_WHAT IS EXPECTED_
Transcribe exactly, leaving out pictures, the lines from the one that holds "I'd like to" through the end of the data below, including both end lines and no others.

_DATASET EXTRACT_
■ ■ ■

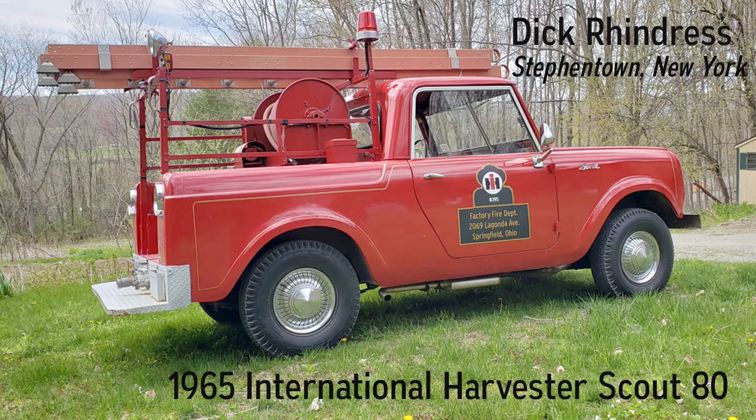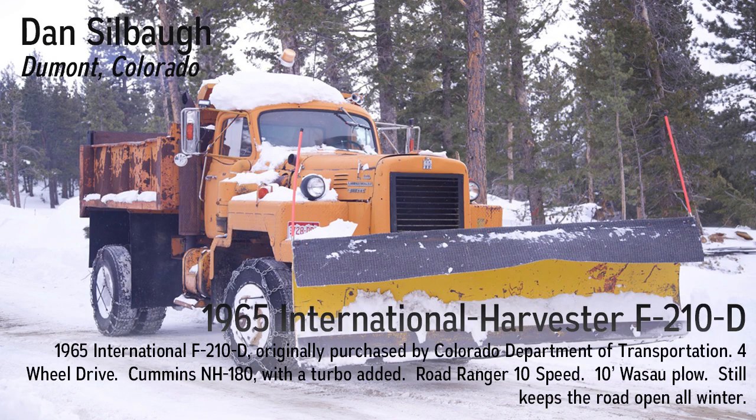This Scout 80 fire engine was purpose-built by International to serve as in-house at their factory in Springfield, Ohio. The fire equipment, including the tank and PTO pump, were installed by Darley. It served for at least 10 years at International Harvester's Laguna Avenue plant. It is mostly original at 8,500 miles, but has some odd additions that were likely acquired from parts found along the assembly lines where it worked. The text on the door is correct but was added by a previous owner.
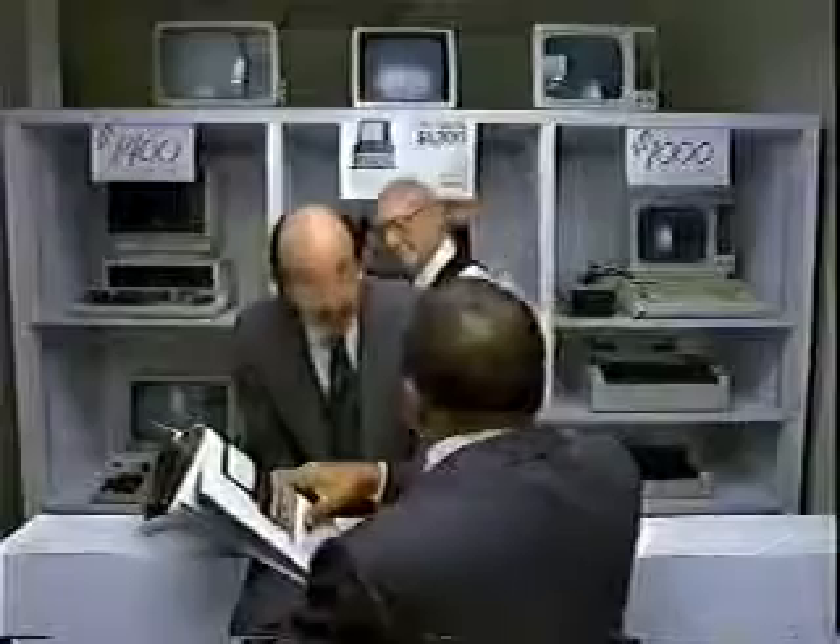I'd like to buy this $1,200 computer. That'll be $5,300 complete. $5,300? Plugged with monitor, software, describe, etc, etc. Oh.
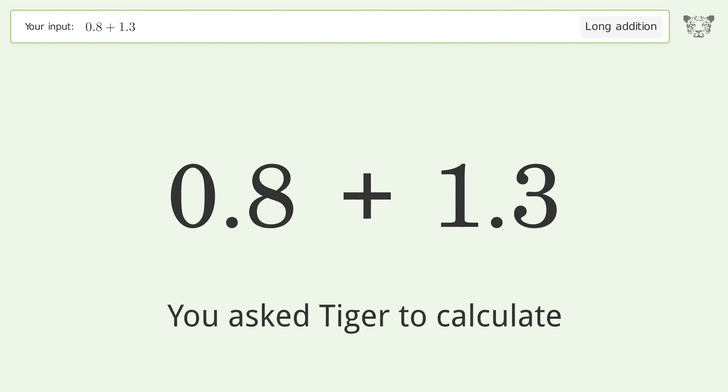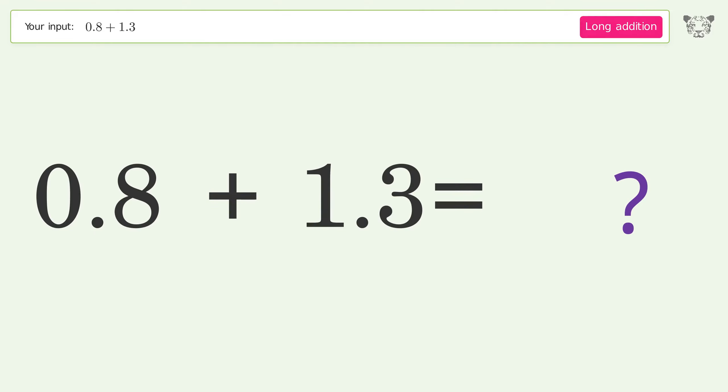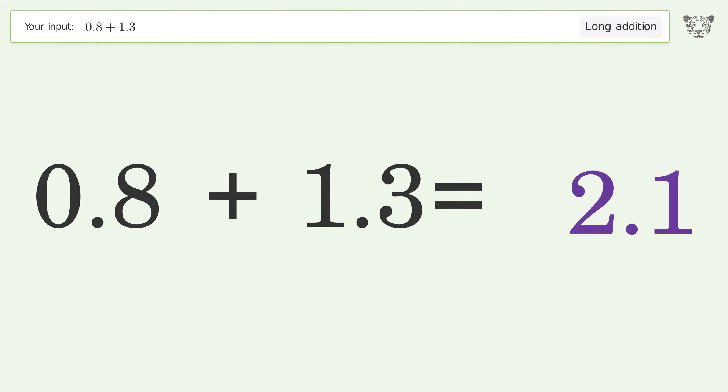You asked Tiger to calculate. This deals with long addition; the final result is 2.1.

■ ■ ■

_SOLUTION TO THIS TASK_
I'd like to buy this $1,200 computer. That'll be $5,300 complete. $5,300? Plugged with monitor, software, describe, etc, etc. Oh.
You asked Tiger to calculate. This deals with long addition; the final result is 2.1.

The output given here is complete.